Define a predicate in prolog

1
votes

Define sublist(Xs, Ys): this holds when Xs is a list containing some of the elements of Ys, in the same order they appear in the list Ys. For example, sublist(X,[a,b,c]) should have the eight solutions X=[]; X=[c]; X=[b]; X=[b,c]; X=[a]; X=[a,c]; X=[a,b]; and X=[a,b,c].

My solution is like this:

sublist([],[]).
sublist([],[_|_]).
sublist([X|Xs],[Y|Ys]):- (
X=Y->sublist(Xs,Ys);
sublist([X|Xs],Ys)
).

However, it only outputs:

X = [] ;
X = [a] ;
X = [a, b] ;
X = [a, b, c].

what's wrong with my solution?

1
prolog
You are using if-then-else, so it never tries the second conjunct. This would have been obvious if you had tried to trace. (The call X=Y will always succeed when either variable is uninstantiated).Tomas By

1 Answers

0
votes

As said in the comment, the problem is in your if statement.
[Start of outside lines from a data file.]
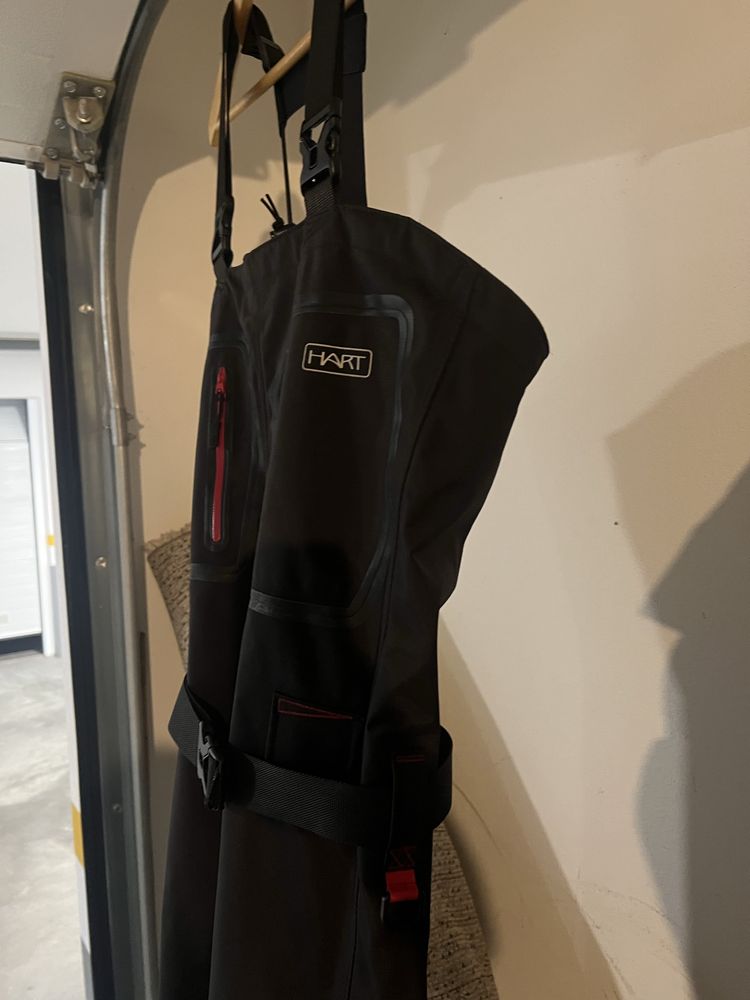 Wader hart pro 25s spinning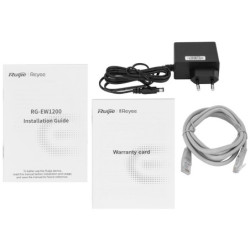 ROUTER RG-EW1200 Wi-Fi 5, 2.4GHz, 5GHz 300Mb/s + 867Mb/s REYEE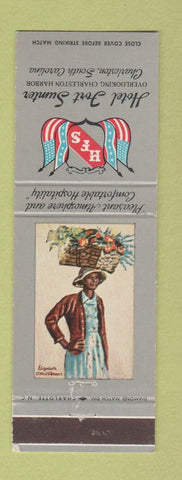 Matchbook Cover - Hotel Fort Sumter Charleston SC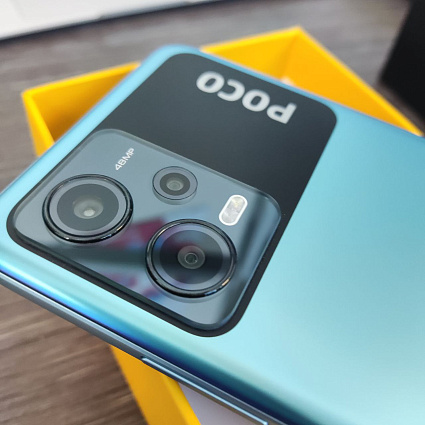 Xiaomi POCO X5 5G 6/128 ГБ, синий Фото 9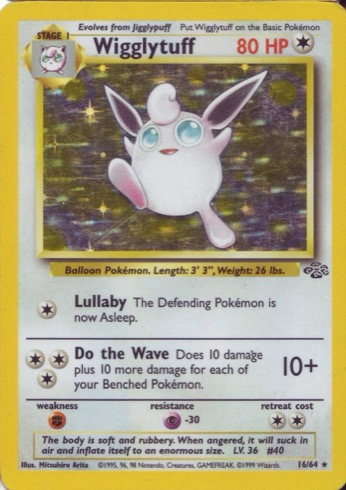 Wigglytuff — Jungle #16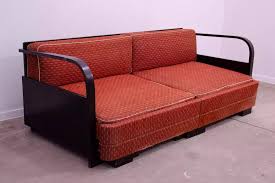art deco folding sofabed 1940 s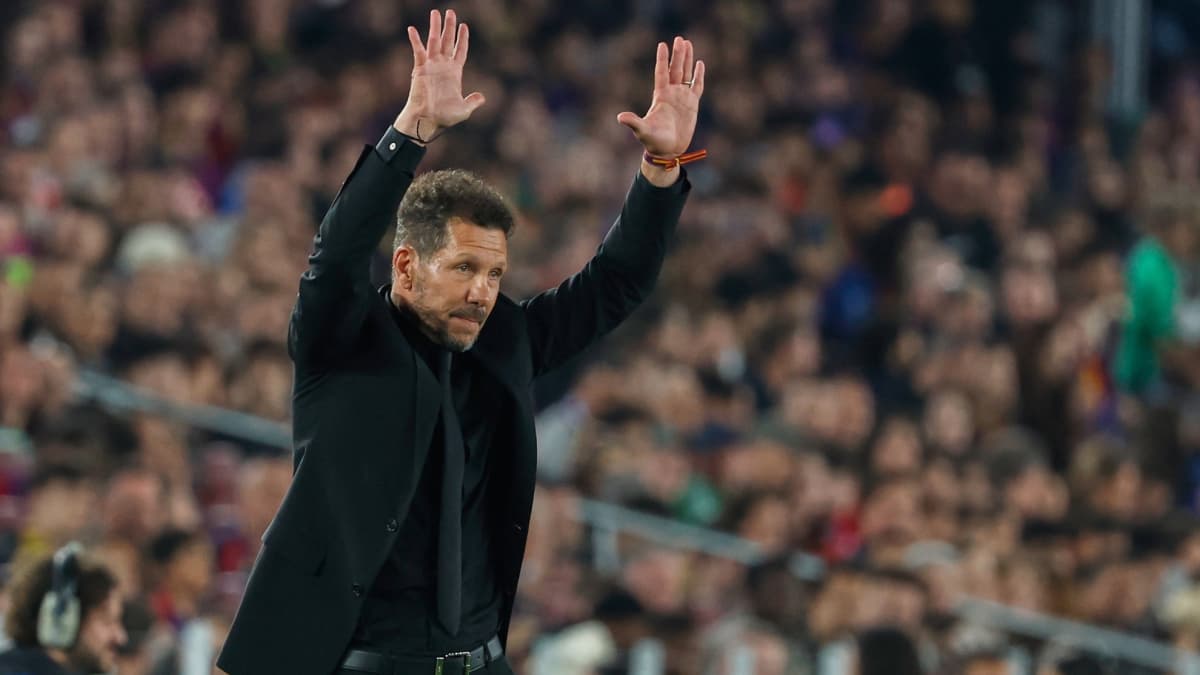 Simeone, otro territorio ‘conquistado’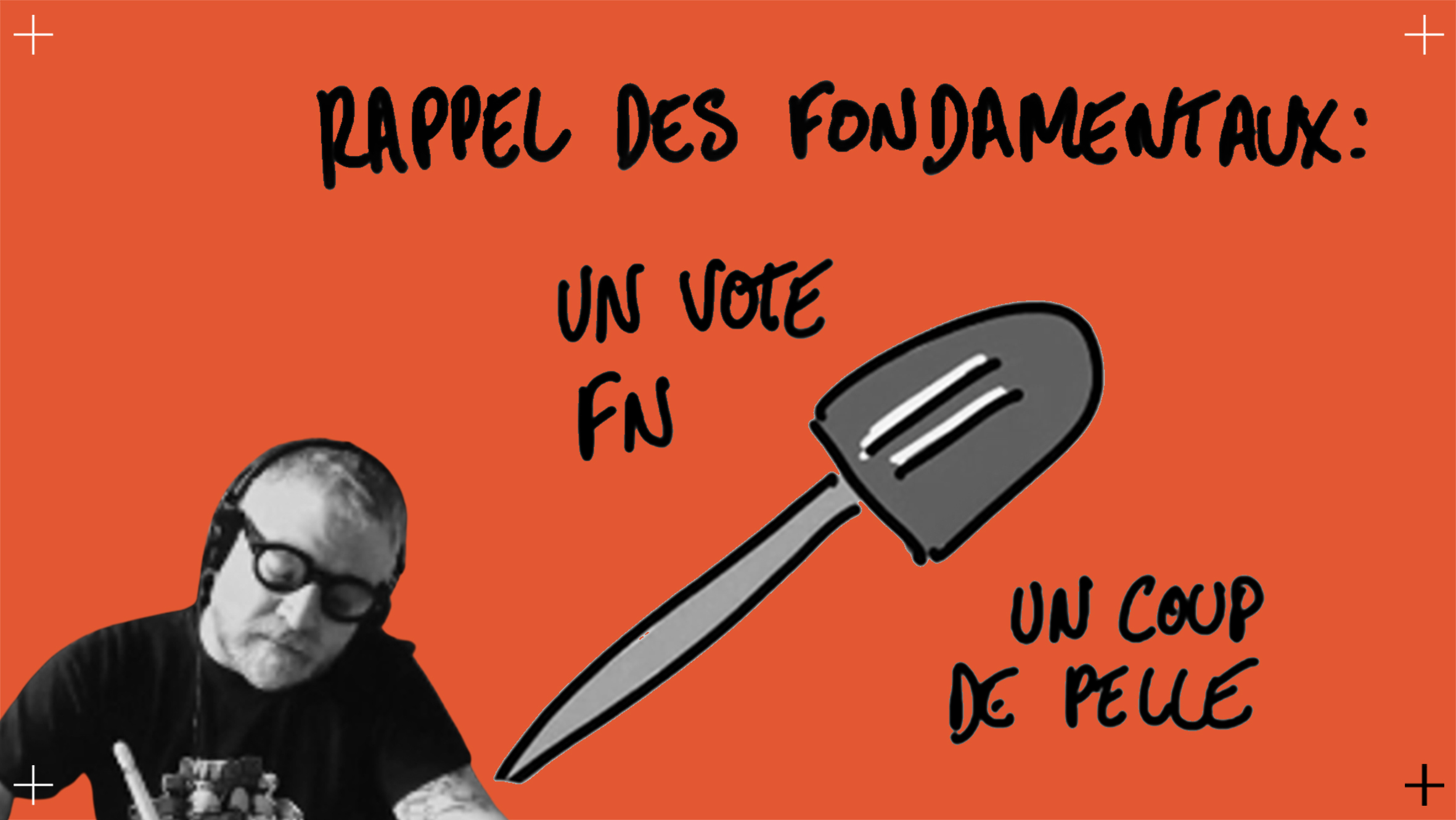 L’après 1er tour Présidentielle 2022 : cellule de dégrisement avec Urbs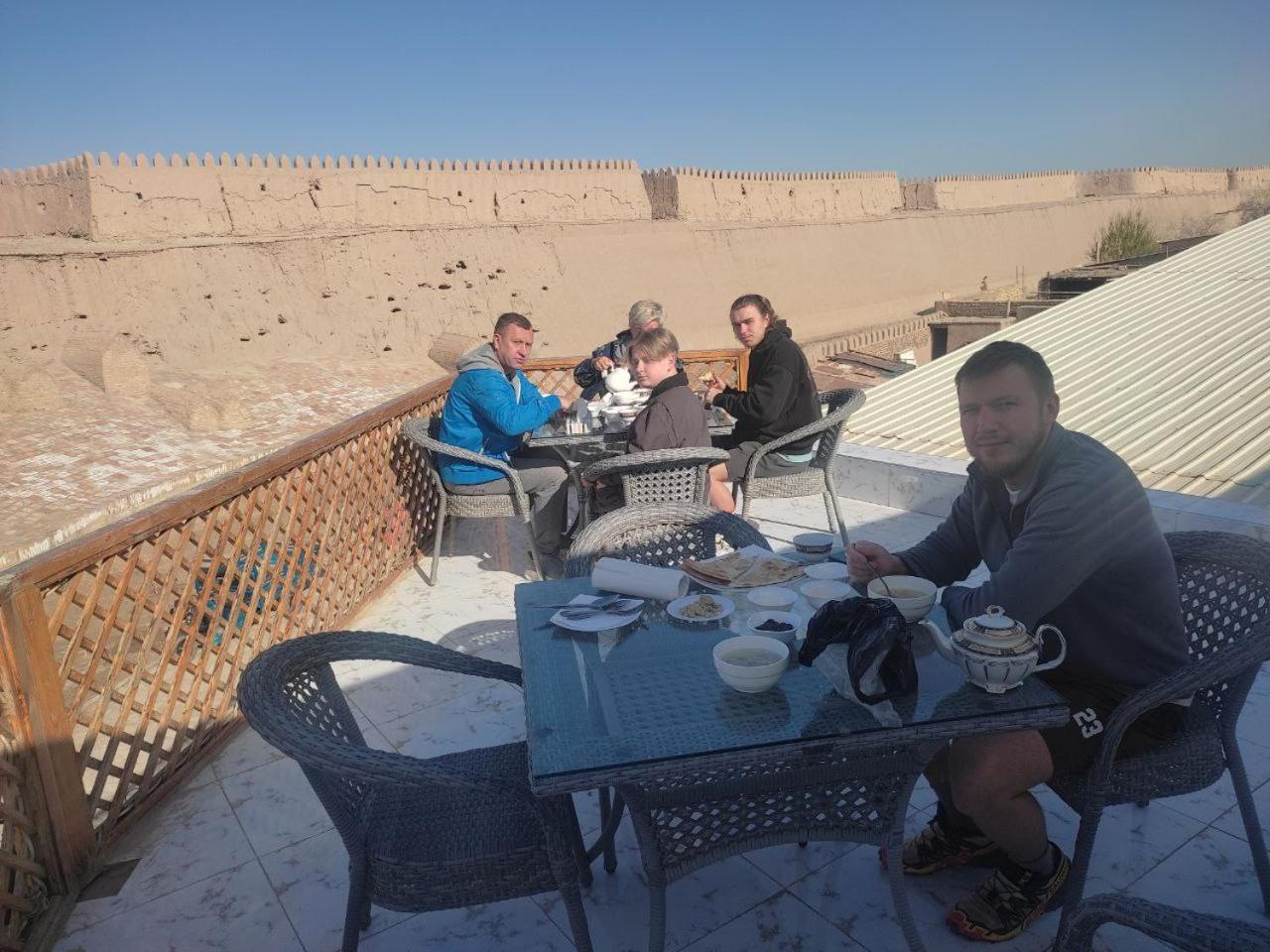 Adam-Eva Hotel Khiva Luaran gambar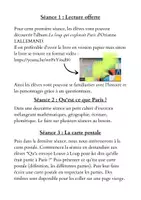 Aperçu - Préparation de séance / Séance complète - Séquence album Le loup qui explorait Paris - Page 1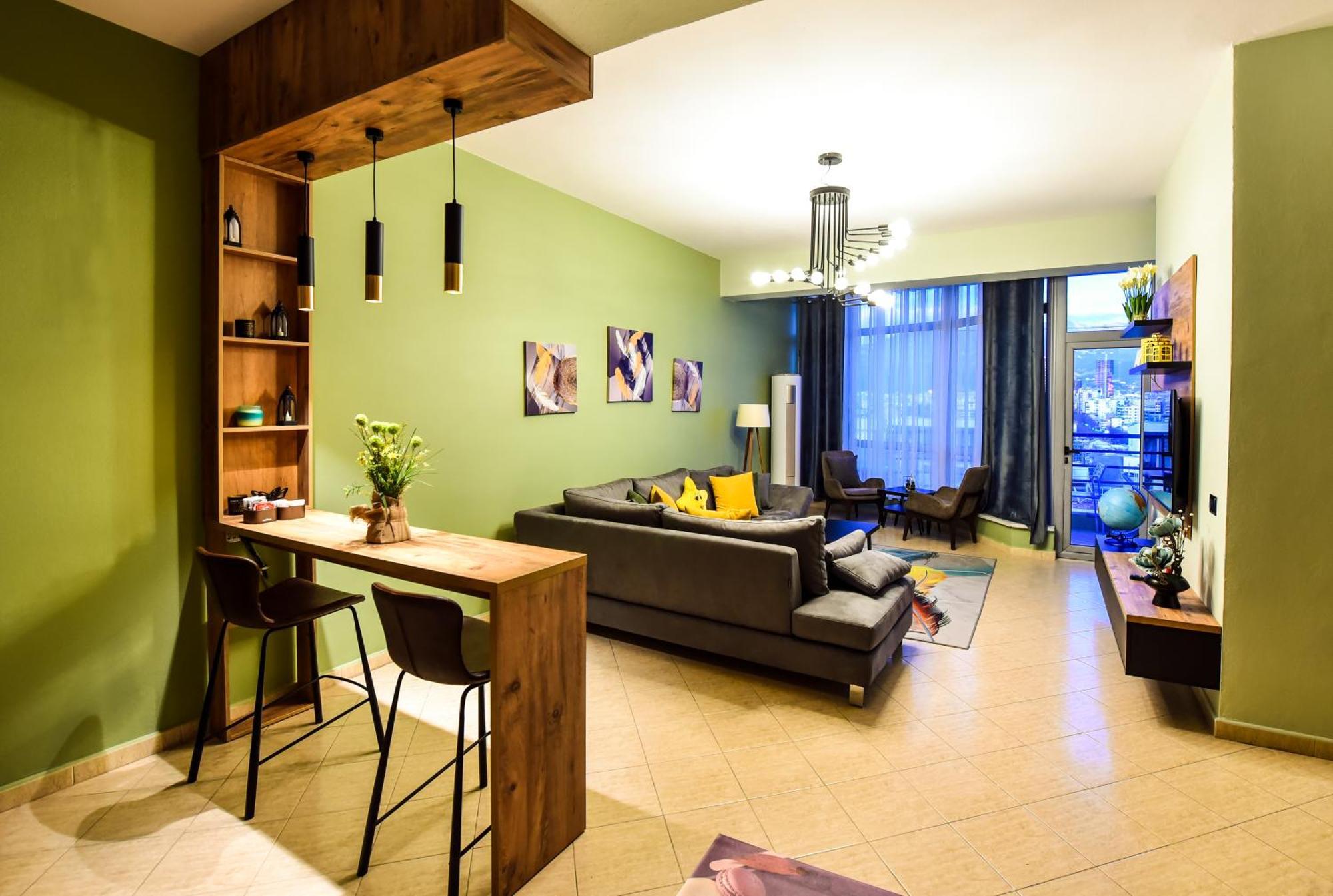 Apartamento Cityscape 2br Kavaja St, 11 Fl, Dajti View *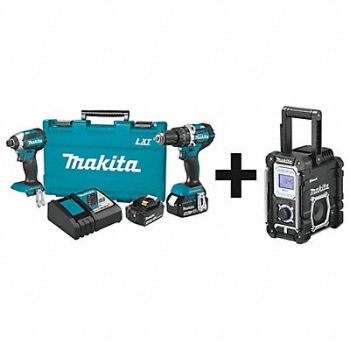 MAKITA Cordless Combination Kit 3 Tools 18V DC, 327DY7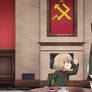 Katyusha angry at Nonna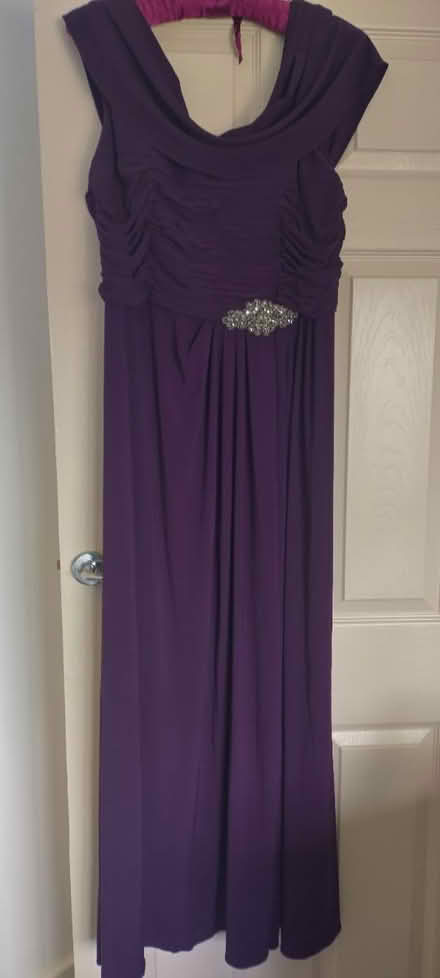 Photo of free Dark purple evening dress (NG10) #2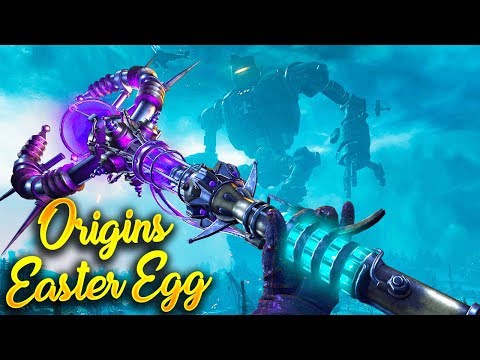 2P Origins Easter Egg Speedruns #ZWC2 (Classic Gobble Gums) - 2P Origins Easter Egg Speedruns #ZWC2 (Classic Gobble Gums)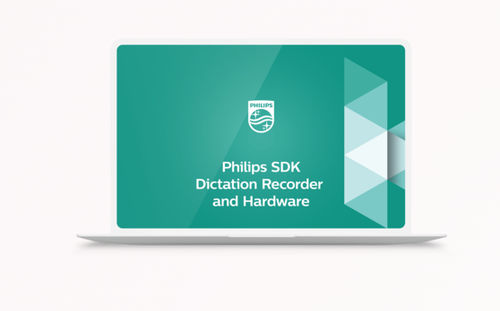 Software di gestione - LFH7440 - Philips Dictation - di dettatura digitale / medico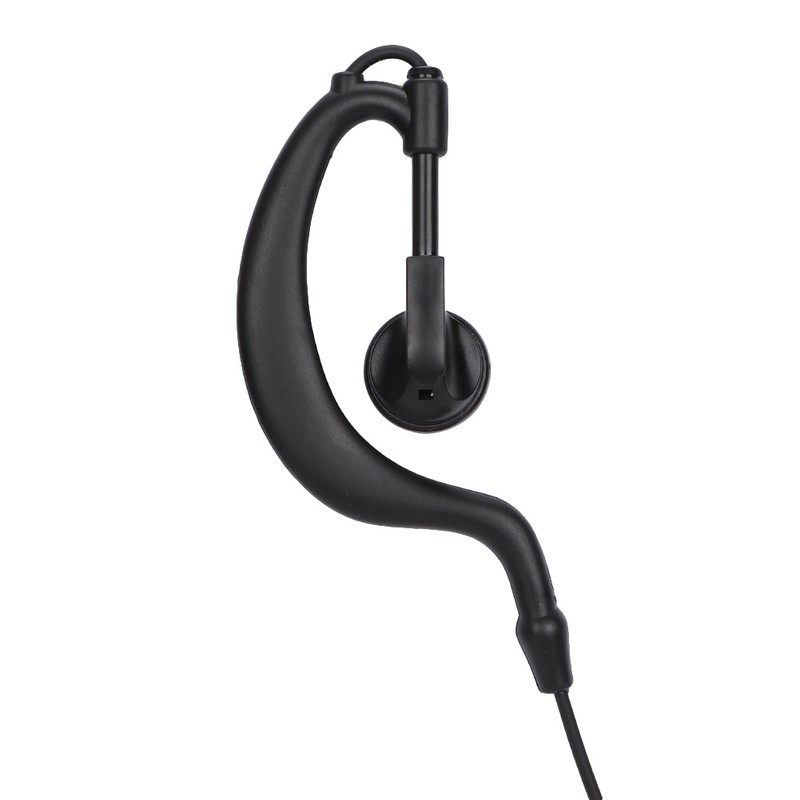 APX7000 G shape Ear hook Microphone Earpiece for Motorola DP4800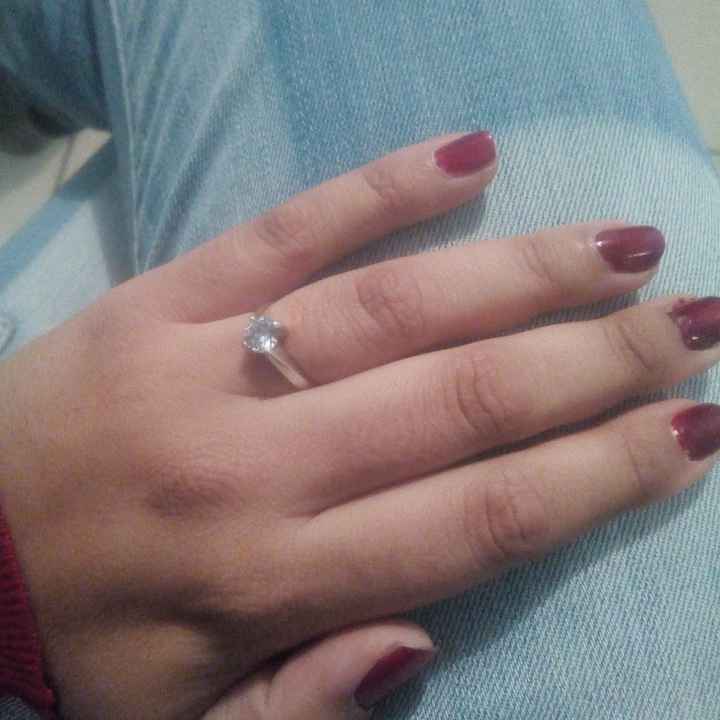 ¡Comparte una foto de tu anillo de compromiso! 😍💍 - 1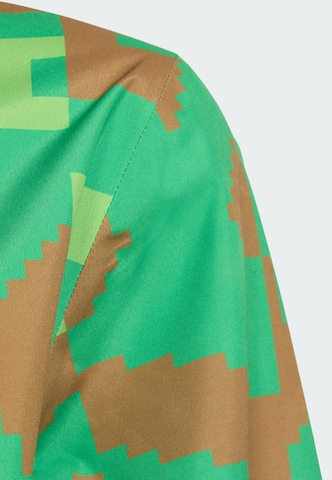 ADIDAS TERREX - Chaqueta de montaña 'Minecraft' en verde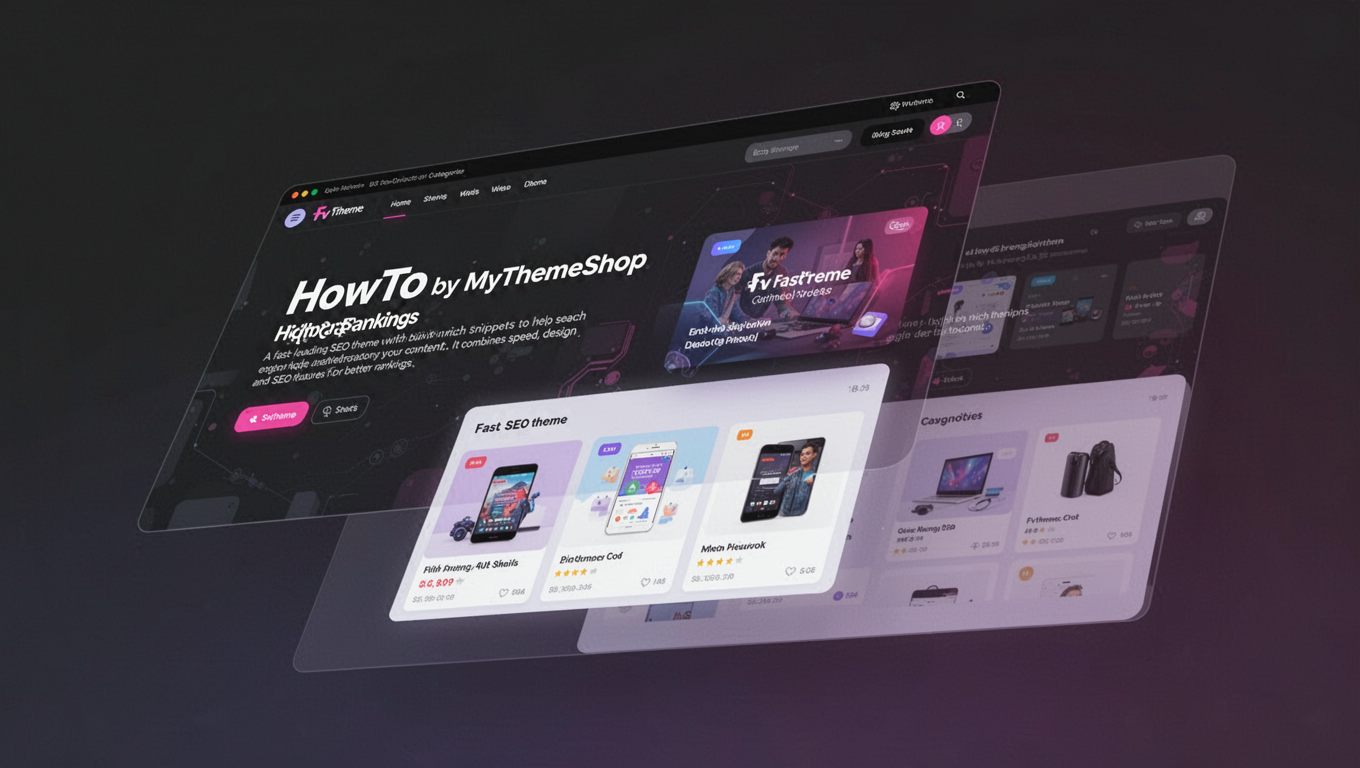 Preview of HowTo by MyThemeShop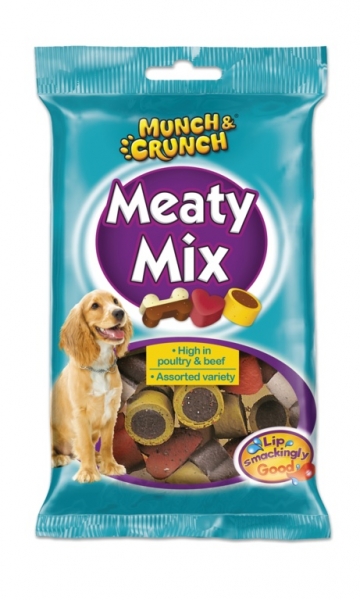 Munch And Crunch Meaty Mix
You should rewrite your program like this: 

sublist([],[]).
sublist([],[_|_]).
sublist([X|Xs],[X|Ys]):-
    sublist(Xs,Ys).

sublist([X|Xs],[_|Ys]):-
    sublist([X|Xs],Ys).

?- sublist(A,[a,b,c]).
A = []
A = [a]
A = [a, b]
A = [a, b, c]
A = [a, c]
A = [b]
A = [b, c]
A = [c]

BTW, sublist/2 is a built in predicate in SWI. You can look at that implementation wich is (taken from here): 

sublist(L, L).
sublist(Sub, [H|T]) :-
    sublist_(T, H, Sub).

sublist_(Sub, _, Sub).
sublist_([H|T], _, Sub) :-
    sublist_(T, H, Sub).
sublist_([H|T], X, [X|Sub]) :-
    sublist_(T, H, Sub).